Je comprends bien que la forme suprême de la perspicacité est de déceler dans les forces antagonistes, y compris celles à l’oeuvre dans la vie démocratique, ce qui contribuera à faire advenir la nouvelle forme, mais alors cela suppose que le « souverain » est celui qui en dernier ressort manipule ou oriente au profit de son dessein universel les dites forces. Après tout, cela serait un moindre mal s’il était vraiment éclairé ! Mais peut-on compter uniquement sur la supposée perspicacité des politiques ? J’ai la faiblesse de penser que l’avenir n’est jamais écrit, et qu’il nous appartient, à nous citoyens, d’informer la matrice du temps de telle sorte que le « souverain » n’en fasse pas à sa guise.

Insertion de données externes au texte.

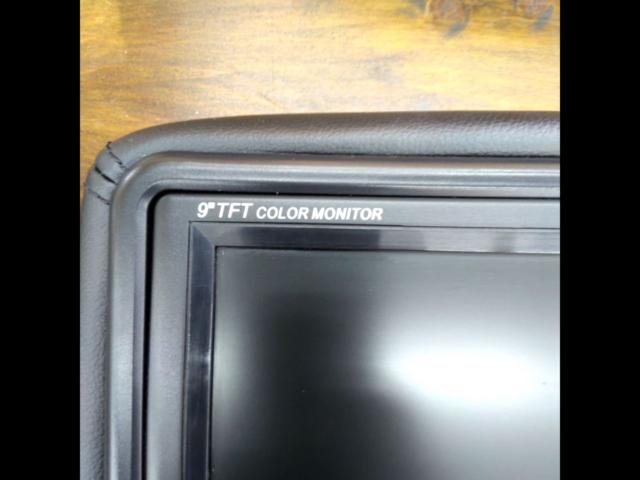 No Brand
9 inches
Headrest monitor
※ one side only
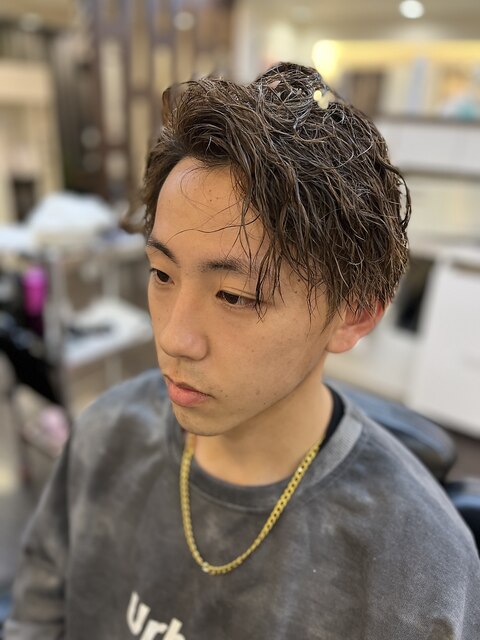 ヘアスタイル楽しんでみよう。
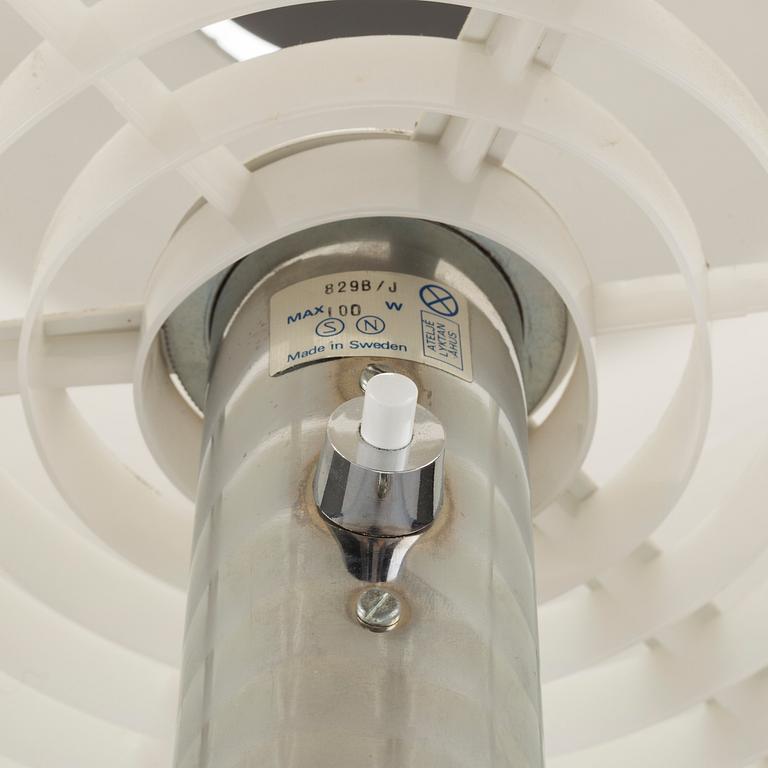 A TABLE LAMP "KNUBBLING" ATELJÉ LYKTAN.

Il n’est pas douteux que sont à l’oeuvre dans le réel des tendances lourdes dans les domaines politique, économique, social et techno-scientifique, mais au nom de quoi peut-on identifier une forme universelle particulière en puissance, autrement dit une nouvelle configuration, une recomposition des éléments fondamentaux qui donnent sa consistance au monde que nous connaissons aujourd’hui ?
Autre interrogation : a supposé que le politique comprenne son temps, la nouvelle forme qu’il contribuera à faire advenir, sera t-elle vraiment bonne ? Derrière le concept de forme universelle nous pouvons tout aussi bien trouver de nouvelles formes de tyrannie, qu’elles soient du marché ou autocratiques, que des formes décentrées. D’aucuns parlent de façonner un nouvel ordre mondial. Ce terme est très vague. Il peut renvoyer à des formes toutes viables mais très distinctes : par exemple un marché globalisé régulé, à « gouvernance renforcée », mais plus intégré que jamais avec ce que cela induirait par exemple de contrôle renforcé des populations, ceci par opposition à des économies plus nationales et/ou relocalisées et plus démocratiques. Ce n’est qu’un exemple, d’autres configurations sont imaginables.
Bref, ce n’est pas le tout d’imaginer un autre monde, encore faut-il savoir lequel. Tout nouveau monde comportera forcément, pour ainsi dire, par définition, sa nouvelle régulation, mais une régulation pour quels objectifs sociaux ?
Il me semble entendre parler de « grands » hommes, ici, et ce, au pluriel, en notant qu’en face, s’alignent des hommes au pouvoir, qui, s’il n’est qu’aussi balèze, c’est parce que les temps de crise les ont bien diminués.
Tout se résume encore à un rapport de force, sans parler de la dualité animant certaines âmes …
Le fait est que, si c’est l’ambition qui anime l’animal politique, certains opportunistes peuvent y voir, s’appuyant sur une dose de démagogie quand même, l’occasion d’utiliser le soutien populaire, pour leur gloire personnelle, mais tout en renvoyant quelques bénéfices à la masse d’en dessous, pendant l’ascension.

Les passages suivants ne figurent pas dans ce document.